| INSTRUCTIONS TO FOLLOW |
The whole listing is to be set down again without alteration.

^^^^

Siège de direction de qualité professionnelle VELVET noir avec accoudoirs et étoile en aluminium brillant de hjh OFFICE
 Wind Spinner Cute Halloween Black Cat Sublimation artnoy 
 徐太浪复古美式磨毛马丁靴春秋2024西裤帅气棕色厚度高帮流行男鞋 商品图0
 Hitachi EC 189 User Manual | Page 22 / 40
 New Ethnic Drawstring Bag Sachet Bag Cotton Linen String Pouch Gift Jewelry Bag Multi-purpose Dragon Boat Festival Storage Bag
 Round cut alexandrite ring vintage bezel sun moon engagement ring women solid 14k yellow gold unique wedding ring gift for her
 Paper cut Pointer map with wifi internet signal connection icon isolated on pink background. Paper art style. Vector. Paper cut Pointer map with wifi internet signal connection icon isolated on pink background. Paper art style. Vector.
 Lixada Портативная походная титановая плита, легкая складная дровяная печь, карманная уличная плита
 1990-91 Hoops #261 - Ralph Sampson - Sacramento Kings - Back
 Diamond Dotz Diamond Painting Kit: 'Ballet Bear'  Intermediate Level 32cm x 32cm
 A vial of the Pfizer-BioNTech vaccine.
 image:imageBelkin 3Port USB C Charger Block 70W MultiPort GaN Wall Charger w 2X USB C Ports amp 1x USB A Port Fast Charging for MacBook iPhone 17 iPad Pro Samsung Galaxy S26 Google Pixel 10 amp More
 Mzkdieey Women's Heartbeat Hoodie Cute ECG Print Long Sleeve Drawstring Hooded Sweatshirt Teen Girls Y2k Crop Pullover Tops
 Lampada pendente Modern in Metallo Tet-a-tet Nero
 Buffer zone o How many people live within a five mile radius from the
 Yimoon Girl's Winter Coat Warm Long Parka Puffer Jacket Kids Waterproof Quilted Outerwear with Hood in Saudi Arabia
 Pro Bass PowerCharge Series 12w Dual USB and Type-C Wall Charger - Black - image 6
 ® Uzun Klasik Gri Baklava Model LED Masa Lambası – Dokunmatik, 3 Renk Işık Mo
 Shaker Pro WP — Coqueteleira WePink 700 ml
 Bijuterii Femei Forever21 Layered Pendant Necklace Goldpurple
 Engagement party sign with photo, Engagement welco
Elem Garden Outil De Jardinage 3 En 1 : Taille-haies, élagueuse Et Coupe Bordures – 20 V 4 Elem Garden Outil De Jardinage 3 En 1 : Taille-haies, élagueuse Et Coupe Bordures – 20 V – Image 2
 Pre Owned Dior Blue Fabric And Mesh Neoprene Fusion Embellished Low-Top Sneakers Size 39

^^^^

| RESPONSE TO THE EXERCISE |
Siège de direction de qualité professionnelle VELVET noir avec accoudoirs et étoile en aluminium brillant de hjh OFFICE
 Wind Spinner Cute Halloween Black Cat Sublimation artnoy 
 徐太浪复古美式磨毛马丁靴春秋2024西裤帅气棕色厚度高帮流行男鞋 商品图0
 Hitachi EC 189 User Manual | Page 22 / 40
 New Ethnic Drawstring Bag Sachet Bag Cotton Linen String Pouch Gift Jewelry Bag Multi-purpose Dragon Boat Festival Storage Bag
 Round cut alexandrite ring vintage bezel sun moon engagement ring women solid 14k yellow gold unique wedding ring gift for her
 Paper cut Pointer map with wifi internet signal connection icon isolated on pink background. Paper art style. Vector. Paper cut Pointer map with wifi internet signal connection icon isolated on pink background. Paper art style. Vector.
 Lixada Портативная походная титановая плита, легкая складная дровяная печь, карманная уличная плита
 1990-91 Hoops #261 - Ralph Sampson - Sacramento Kings - Back
 Diamond Dotz Diamond Painting Kit: 'Ballet Bear'  Intermediate Level 32cm x 32cm
 A vial of the Pfizer-BioNTech vaccine.
 image:imageBelkin 3Port USB C Charger Block 70W MultiPort GaN Wall Charger w 2X USB C Ports amp 1x USB A Port Fast Charging for MacBook iPhone 17 iPad Pro Samsung Galaxy S26 Google Pixel 10 amp More
 Mzkdieey Women's Heartbeat Hoodie Cute ECG Print Long Sleeve Drawstring Hooded Sweatshirt Teen Girls Y2k Crop Pullover Tops
 Lampada pendente Modern in Metallo Tet-a-tet Nero
 Buffer zone o How many people live within a five mile radius from the
 Yimoon Girl's Winter Coat Warm Long Parka Puffer Jacket Kids Waterproof Quilted Outerwear with Hood in Saudi Arabia
 Pro Bass PowerCharge Series 12w Dual USB and Type-C Wall Charger - Black - image 6
 ® Uzun Klasik Gri Baklava Model LED Masa Lambası – Dokunmatik, 3 Renk Işık Mo
 Shaker Pro WP — Coqueteleira WePink 700 ml
 Bijuterii Femei Forever21 Layered Pendant Necklace Goldpurple
 Engagement party sign with photo, Engagement welco
Elem Garden Outil De Jardinage 3 En 1 : Taille-haies, élagueuse Et Coupe Bordures – 20 V 4 Elem Garden Outil De Jardinage 3 En 1 : Taille-haies, élagueuse Et Coupe Bordures – 20 V – Image 2
 Pre Owned Dior Blue Fabric And Mesh Neoprene Fusion Embellished Low-Top Sneakers Size 39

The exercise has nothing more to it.